- Information provided:
● ● ● ● ●

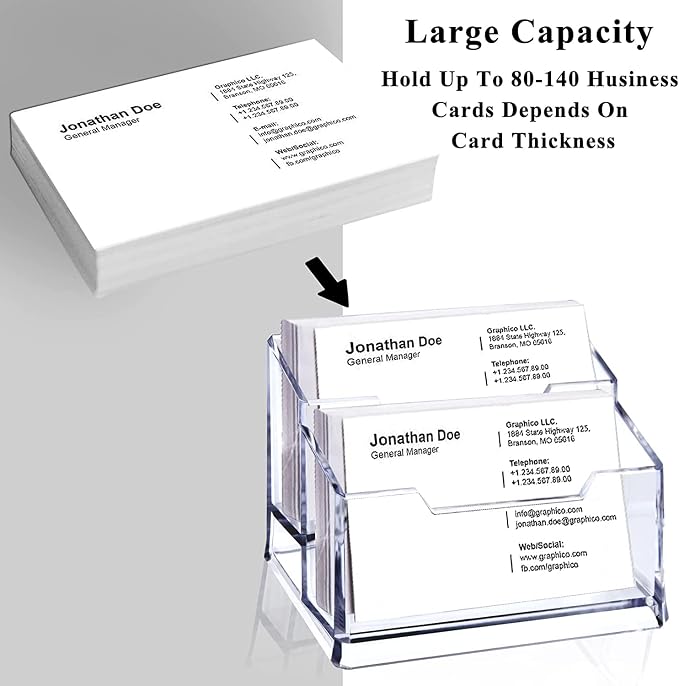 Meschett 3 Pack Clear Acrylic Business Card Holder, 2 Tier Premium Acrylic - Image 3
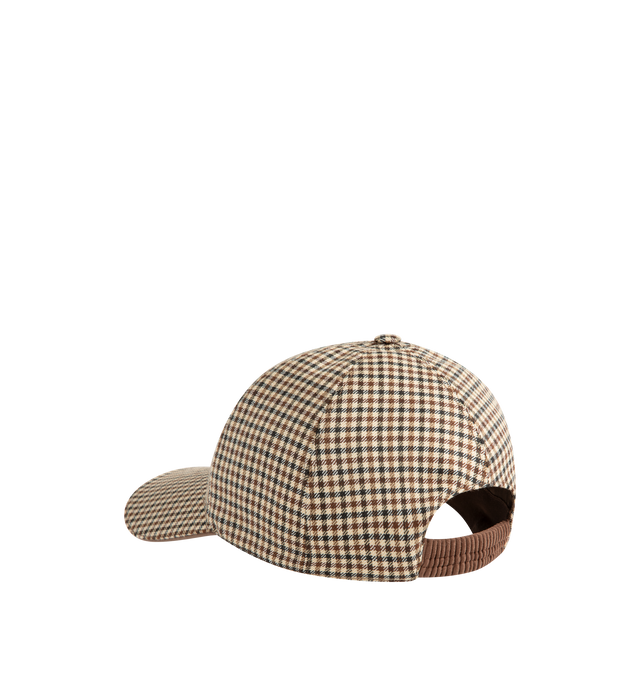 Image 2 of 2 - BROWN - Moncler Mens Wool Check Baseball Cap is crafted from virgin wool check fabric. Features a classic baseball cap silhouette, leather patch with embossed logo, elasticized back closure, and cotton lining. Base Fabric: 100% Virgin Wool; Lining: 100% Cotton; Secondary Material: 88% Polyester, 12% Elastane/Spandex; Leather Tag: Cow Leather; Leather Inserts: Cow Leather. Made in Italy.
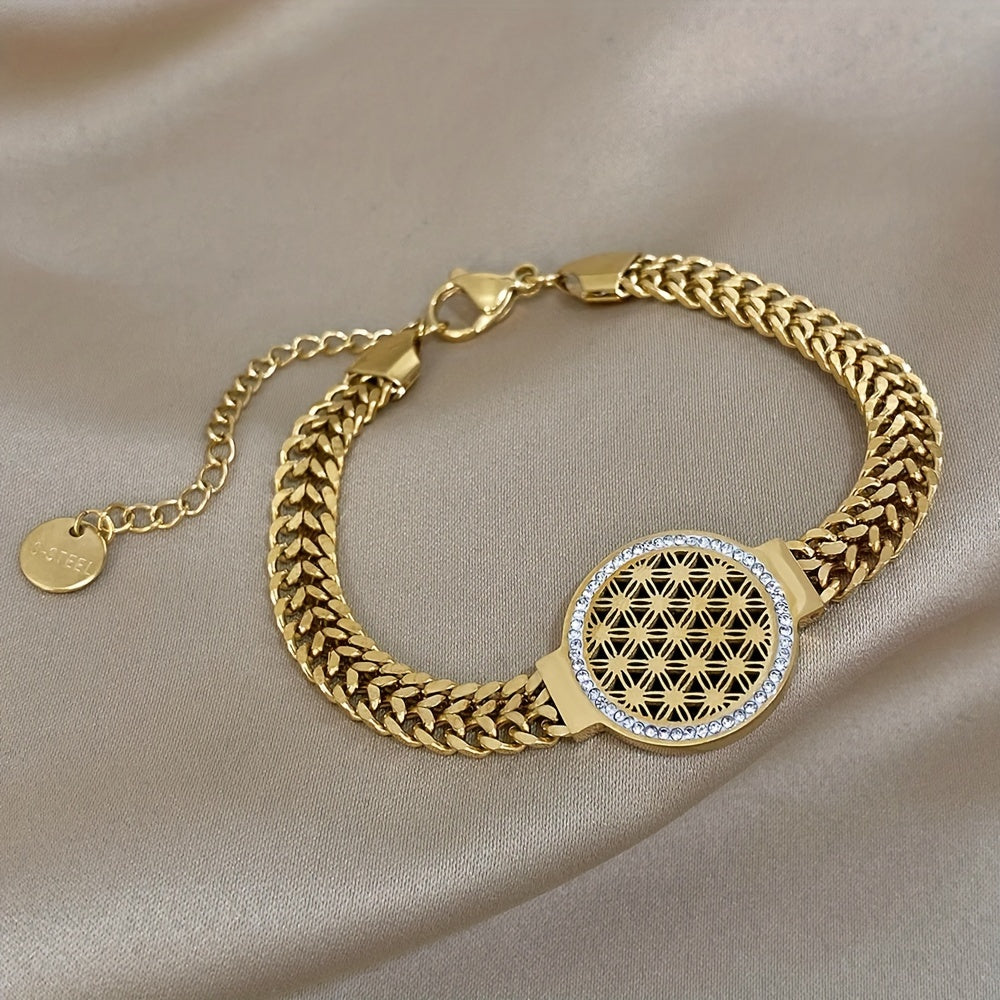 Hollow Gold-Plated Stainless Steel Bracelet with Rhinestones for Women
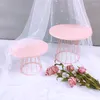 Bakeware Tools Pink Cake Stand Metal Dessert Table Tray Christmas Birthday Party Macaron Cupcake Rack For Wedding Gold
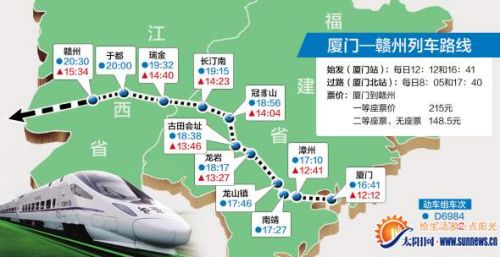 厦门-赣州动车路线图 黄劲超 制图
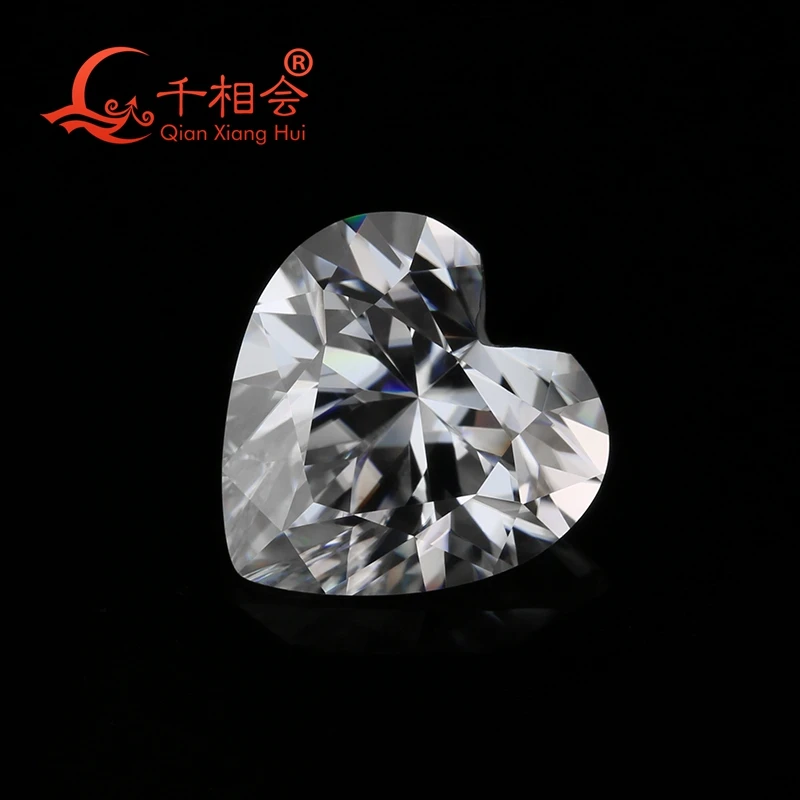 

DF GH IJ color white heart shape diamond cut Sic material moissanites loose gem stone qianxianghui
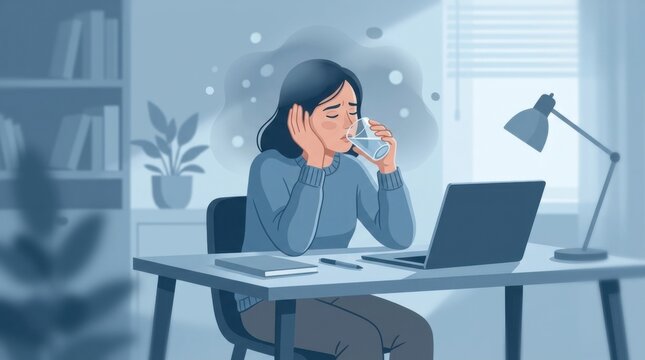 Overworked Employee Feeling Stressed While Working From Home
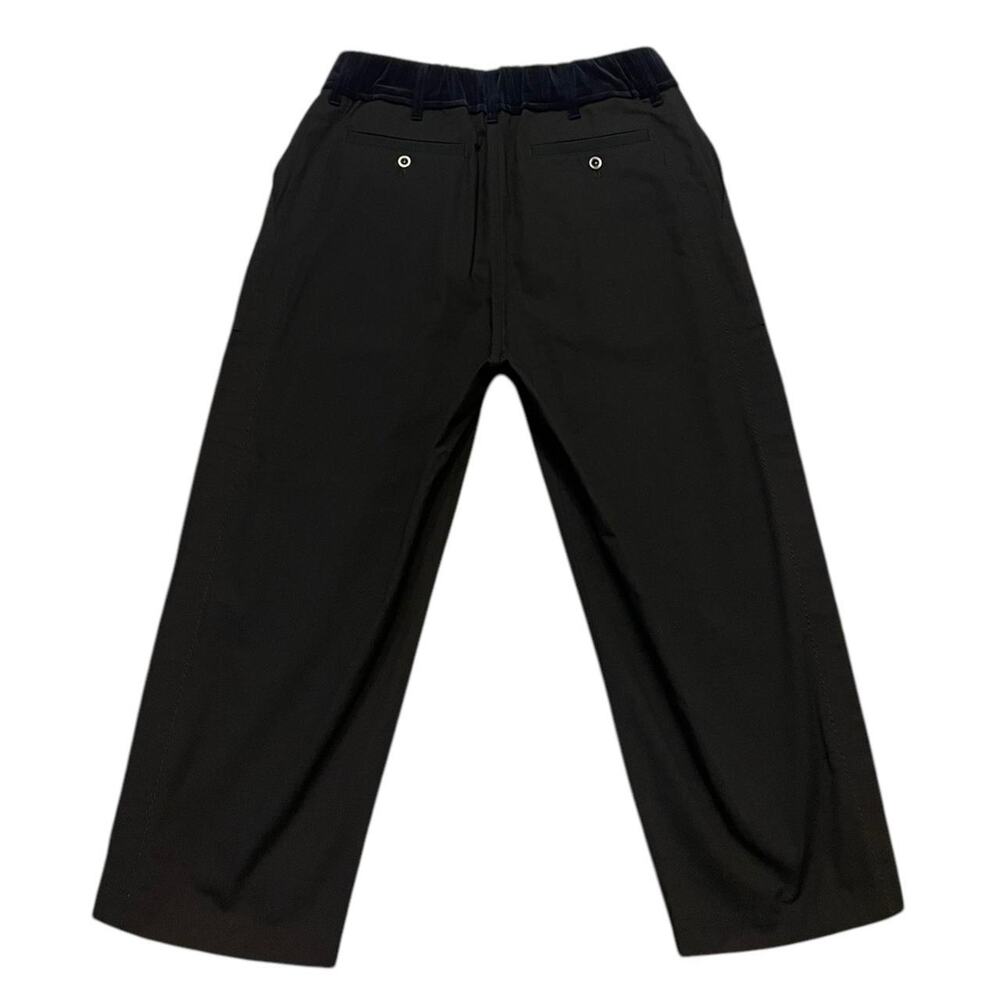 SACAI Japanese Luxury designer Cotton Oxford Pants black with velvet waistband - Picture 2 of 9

● ● ● ● ●

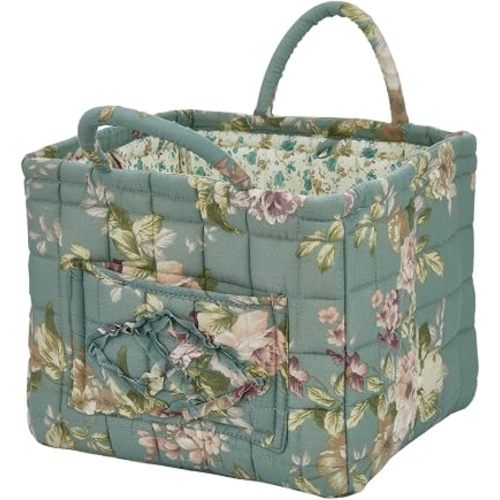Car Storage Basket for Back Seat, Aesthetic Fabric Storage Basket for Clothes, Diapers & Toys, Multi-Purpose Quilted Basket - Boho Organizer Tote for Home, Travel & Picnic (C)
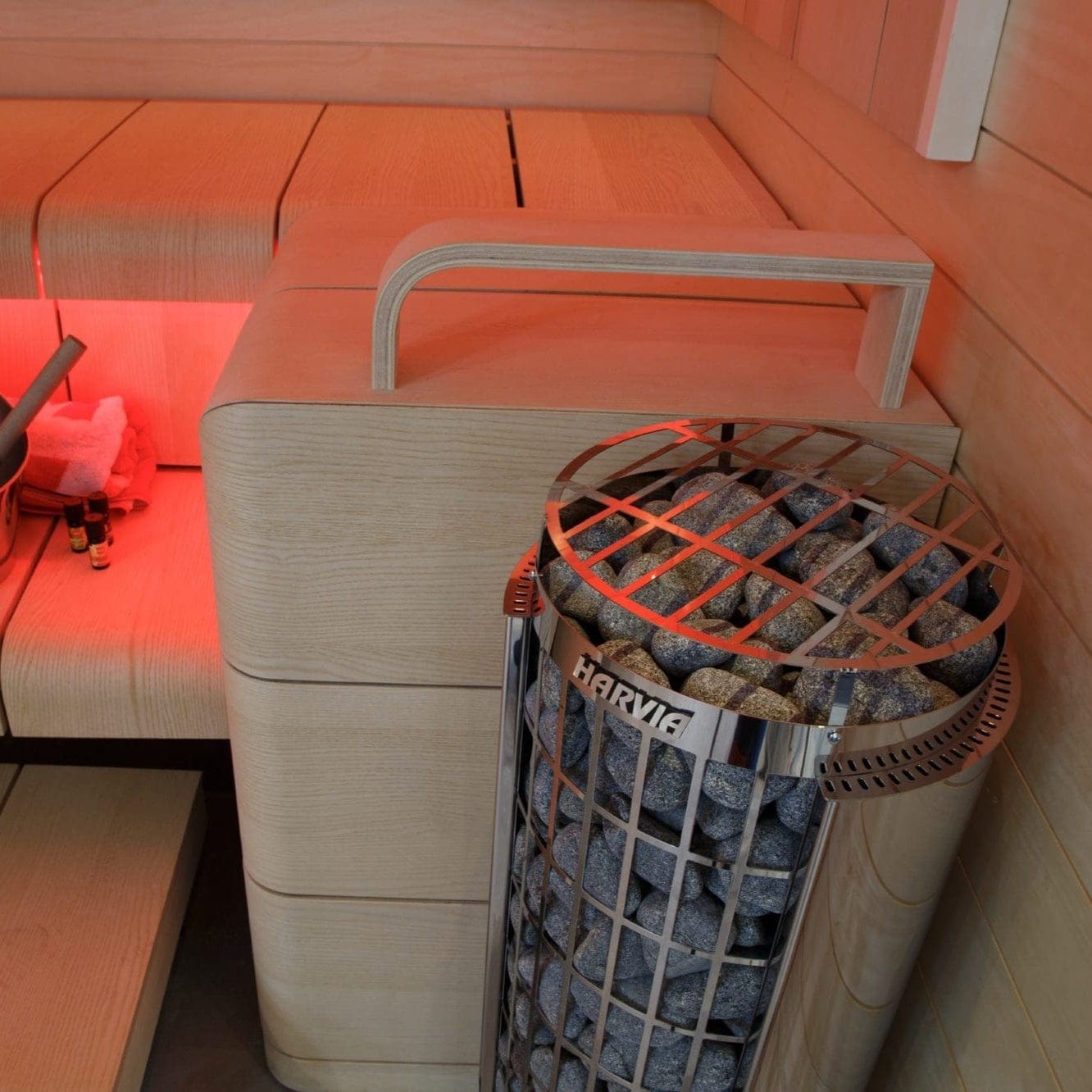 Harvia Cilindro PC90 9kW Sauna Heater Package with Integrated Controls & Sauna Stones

● ● ● ● ●

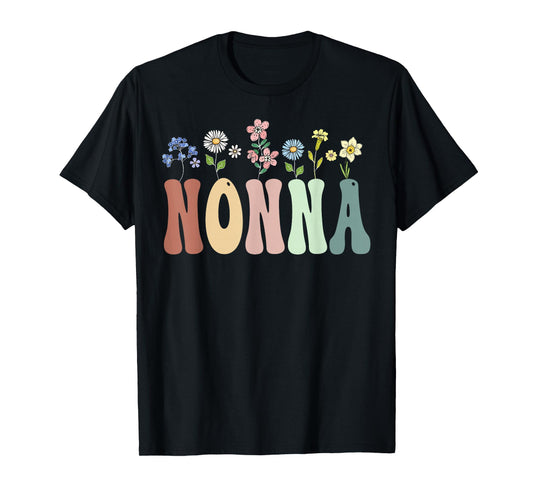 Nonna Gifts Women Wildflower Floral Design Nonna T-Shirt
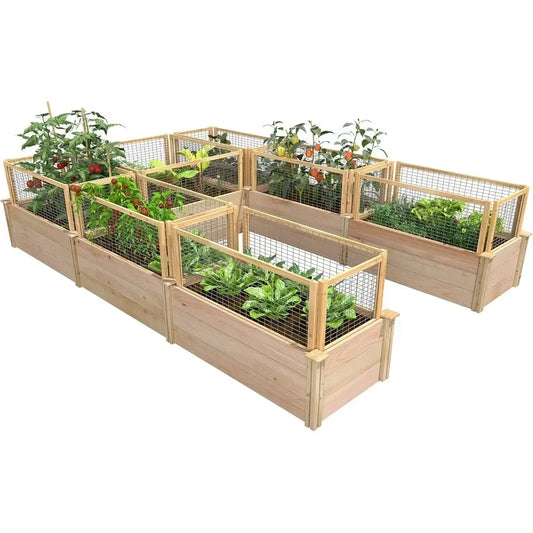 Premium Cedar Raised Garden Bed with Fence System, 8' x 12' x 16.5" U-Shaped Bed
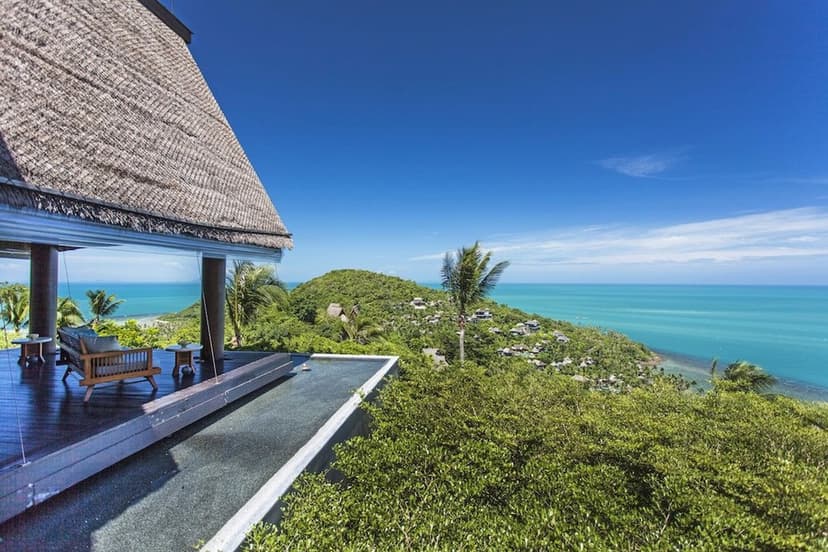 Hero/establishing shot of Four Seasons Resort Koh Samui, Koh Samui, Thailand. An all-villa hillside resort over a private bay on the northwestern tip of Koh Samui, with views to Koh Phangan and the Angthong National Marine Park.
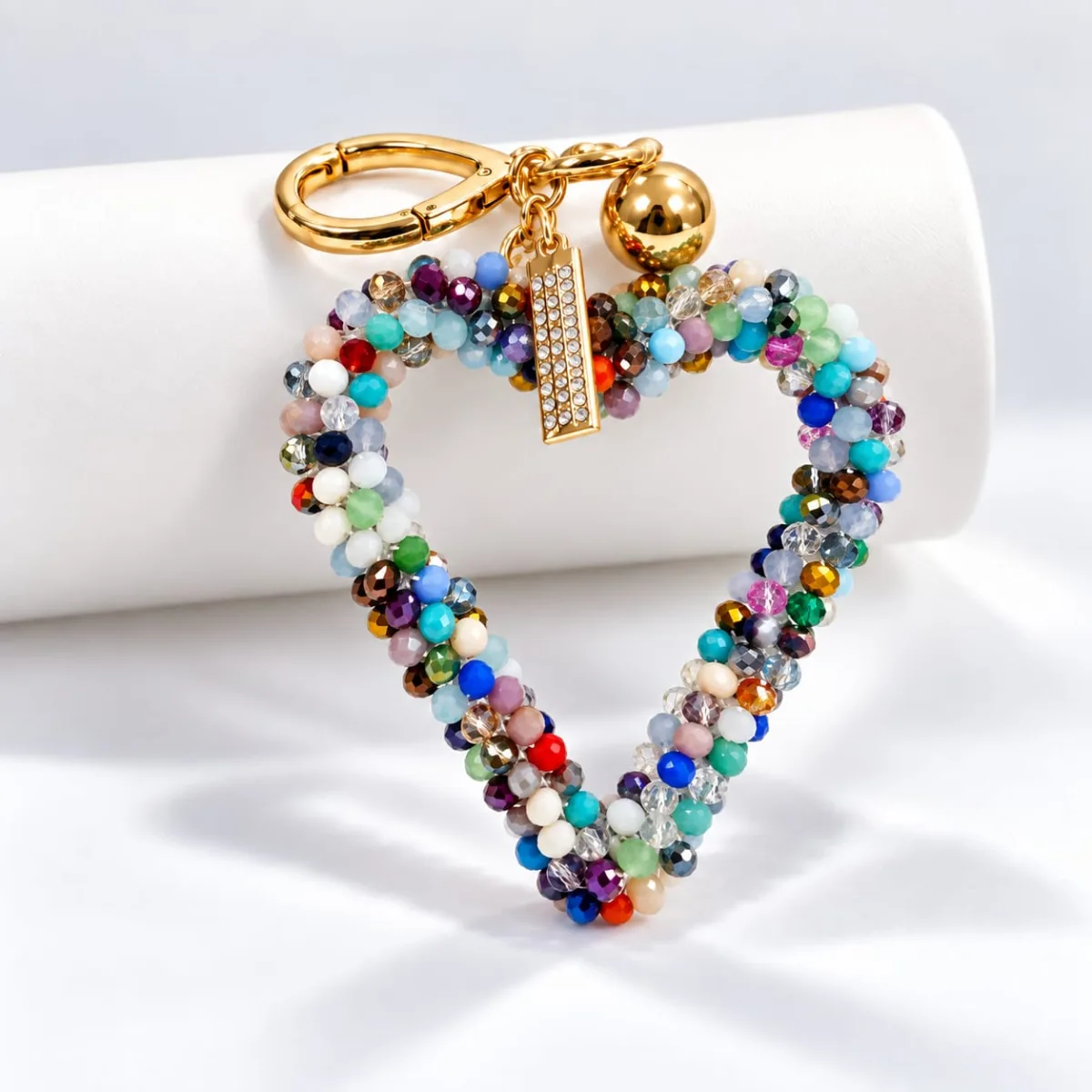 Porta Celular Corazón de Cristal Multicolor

● ● ● ● ●

- Task details:
From the records above, transcribe only the stretch from the line with "Car Storage Basket" through the line with "Harvia Cilindro PC90", keeping both ends. Omit pictures.

- Response for this exercise:
Car Storage Basket for Back Seat, Aesthetic Fabric Storage Basket for Clothes, Diapers & Toys, Multi-Purpose Quilted Basket - Boho Organizer Tote for Home, Travel & Picnic (C)
 Harvia Cilindro PC90 9kW Sauna Heater Package with Integrated Controls & Sauna Stones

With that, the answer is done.